Yes I am weary and I long for rest. I long for this peace that Hebrew and Christian scriptures promise us. The promise that we are not alone. The promise we have not been forgotten that there is a love that holds us and will not let us go.  A love that tells us yes we can go one more day, that it will get better. That there is a better place, a promised land and the only way we will get there is together. Yet to get there together we must be willing to speak the truth of our lives. That truth includes our financial truth.  As long as people like me stay silent, make it look like everything is ok then nothing will change. As a white educated woman I am not supposed to be here. I am supposed to be doing ok.  My family and I are not ok and I know that there are many other families out there losing sleep, weary, worried and feeling very much alone.  We don't want to talk about it.  We are not supposed to talk about it as if our silence will make it less real.  Yet Audre Lorde reminds us that "your silence will not protect you."  

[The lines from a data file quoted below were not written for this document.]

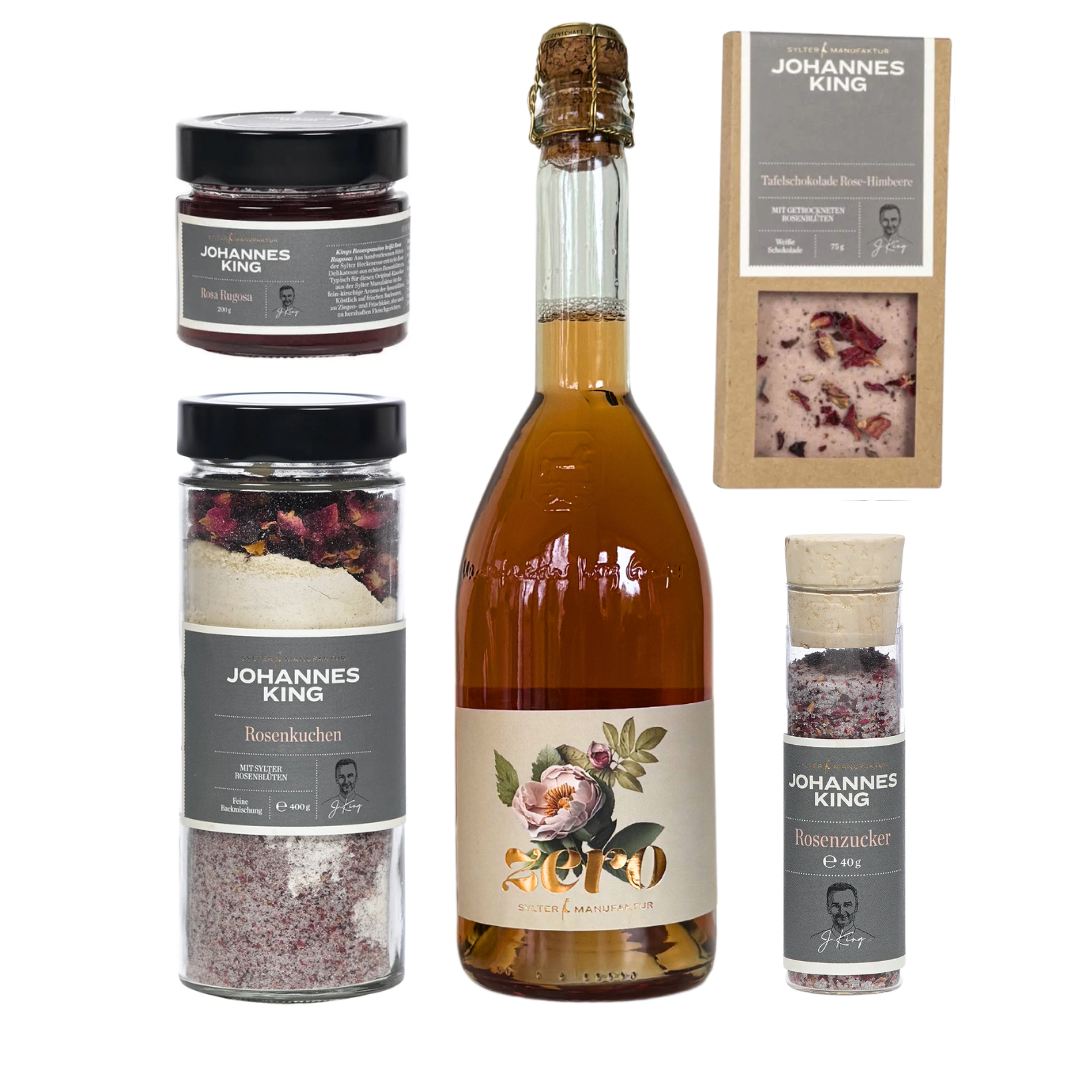 Das Set "Rosige Zeiten - Groß" der Sylter Manufaktur Johannes King enthält Rosenmarmelade, ein blumiges Sektgetränk, Schokolade, Backmischung und eine Rosenzuckermühle, alle mit grauen Johannes King-Etiketten.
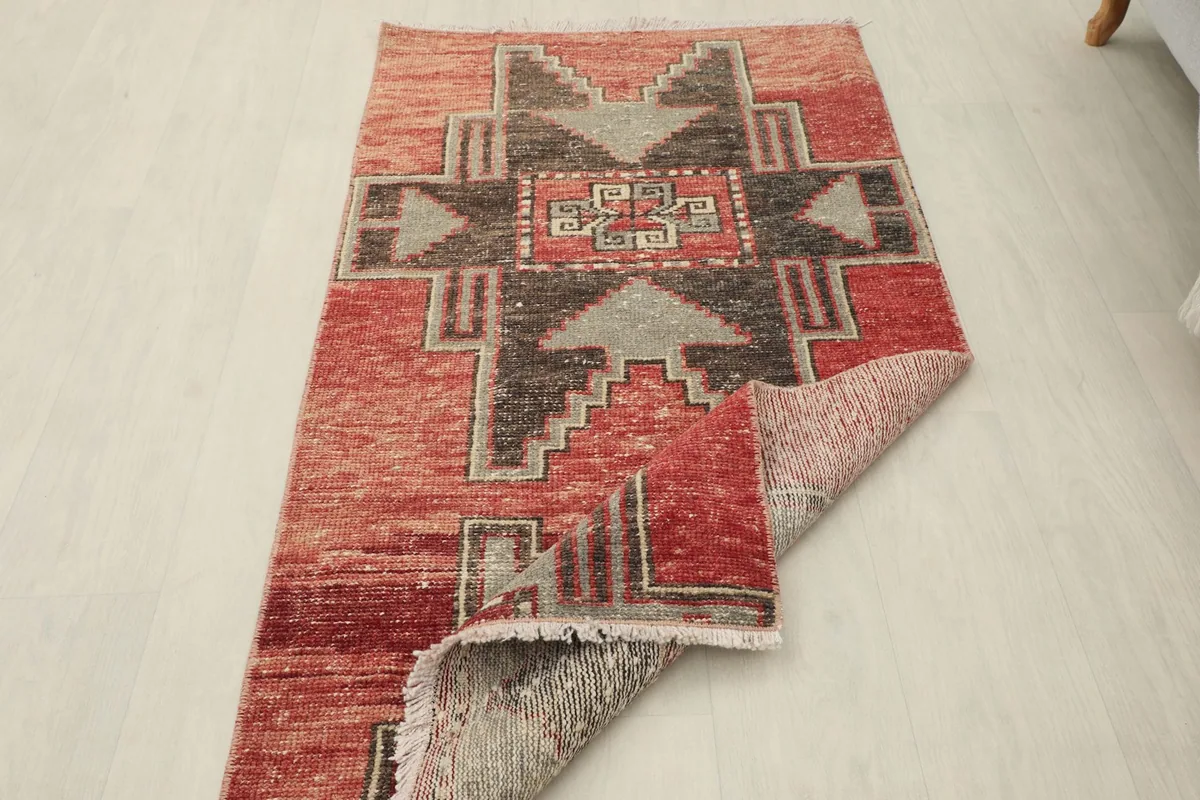 View of the rug with one corner folded back, revealing the reverse side and pile texture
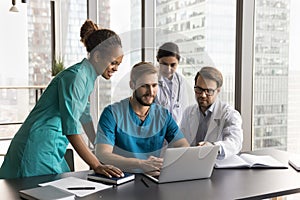 Diverse team of positive successful medical professionals using laptop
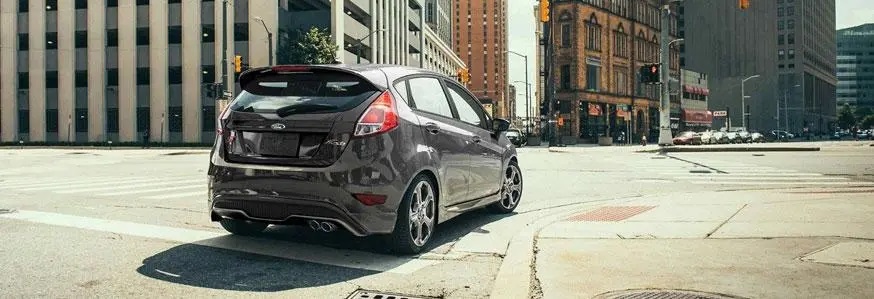 Compact car on urban street corner, surrounded by tall buildings and traffic lights.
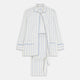 The Turnbull & Asser Women's Blue Multi Cotton Thelma Pyjama Set features a long-sleeve button-up shirt with collar and pocket, plus matching drawstring pants, elegantly displayed against a white background.
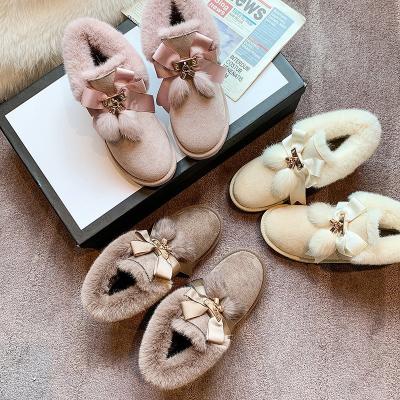 China Curvy Women Bows Balls Boots Lace Cute Female Winter Shoes New Arrivals 2020 Luxury Furry Waterproof Women Snow Boots for sale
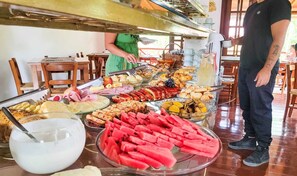 Un bufé con una variedad de alimentos, incluyendo frutas, carnes y postres.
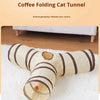 A beige folding cat tunnel with brown stripes is shown lying on a white fluffy towel.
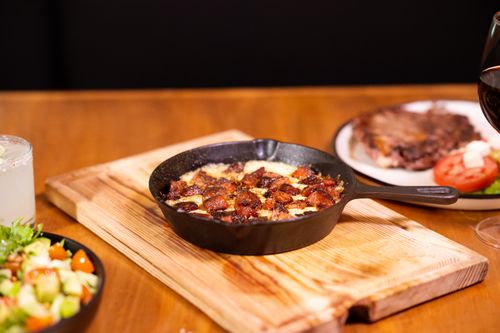 Free Deliciously prepared dish served in an iron skillet with side salad and drink, set on a wooden table. Stock Photo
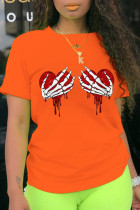 Orangefarbene Patchwork-T-Shirts mit O-Ausschnitt und modischem Aufdruck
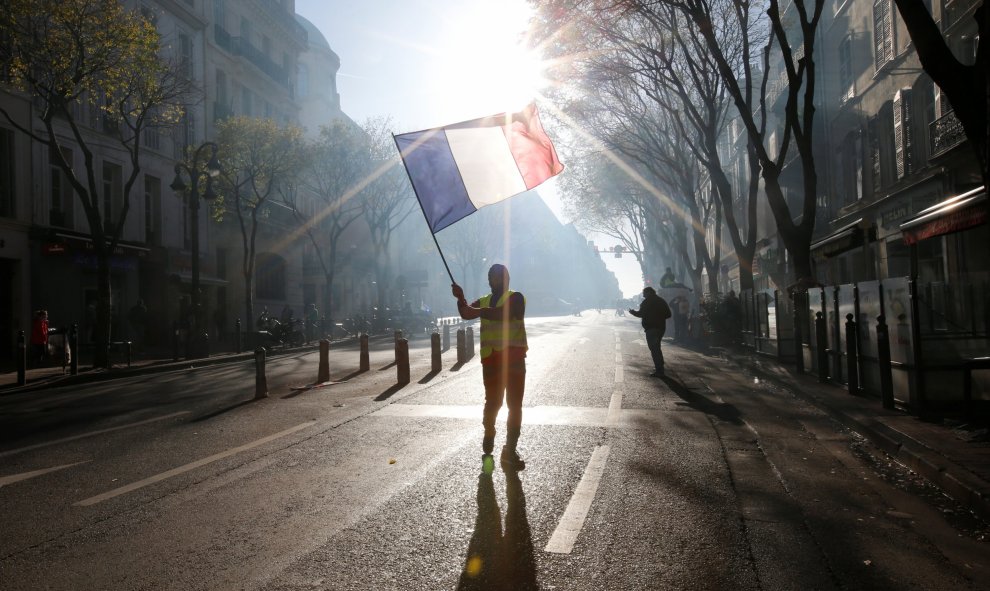 Uno de los manifestantes de los chalecos amarillos porta una bandera de Francia en las calles de Marsella.- REUTERS/Jean-Paul Pelissier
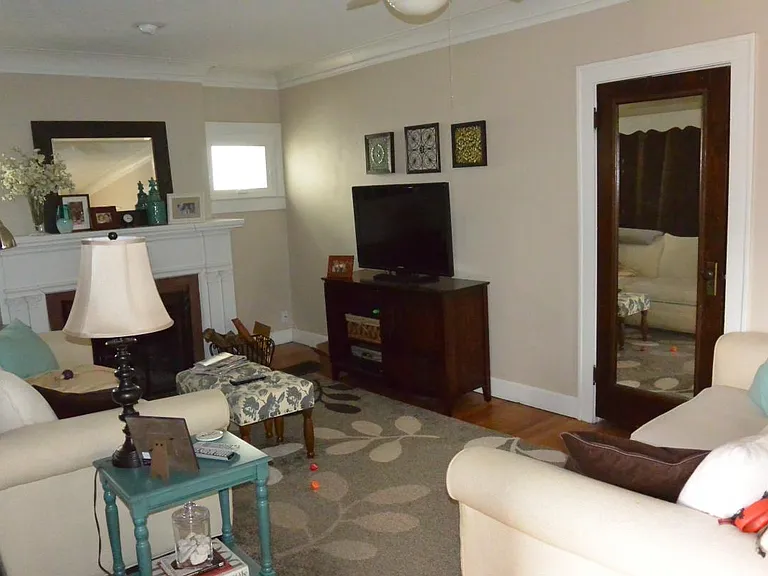 Living room with mirror on large closet.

So today I break the silence.  Today I tell you I am weary - weary of not having enough, weary of worrying about how to pay the bills, how to keep food on the table, how to help my partner get the health care she needs. Weary of there never being enough money. Even more weary because this situation has gone on for a long time and seems to be all I think about or talk about with close friends. The long lasting weariness zaps my creativity to make change, jeopardizes health even more and shuts down hope. There I have said it.  There I have spoken it.  Will you think less of me now?  Am I less worthy in your eyes because not only do I not have it, I said it out loud?  I have "come out" as struggling financially, of not knowing how my family is supposed to make it. 

I am weary and I know I am not alone. Maybe all of us who are weary need to come together. Maybe we need to start speaking the truth of how weary we are. Maybe we need to stop pretending, stop hiding, stop thinking we are alone.  Maybe your weariness comes from a chronic illness, a child dealing with addiction, a job that is burning you out, a betrayal in your marriage ... or like me, some combination of things. Maybe the most powerful thing we who are weary can do is to stop the hard work of pretending, of staying silent.  Maybe the most powerful thing we can do is speak the truth.

So, I offer an invitation to we who are weary, please share your story.  Please let this be a place where we can break the silence and shame that often surround our weariness. Perhaps, the ministry I wish to be engaged in makes room for being honest about my own life in an effort to allow others to share their stories as they really are. Maybe then we will find the resources, to use the words of James Luther Adams, both human and divine to achieve meaningful change.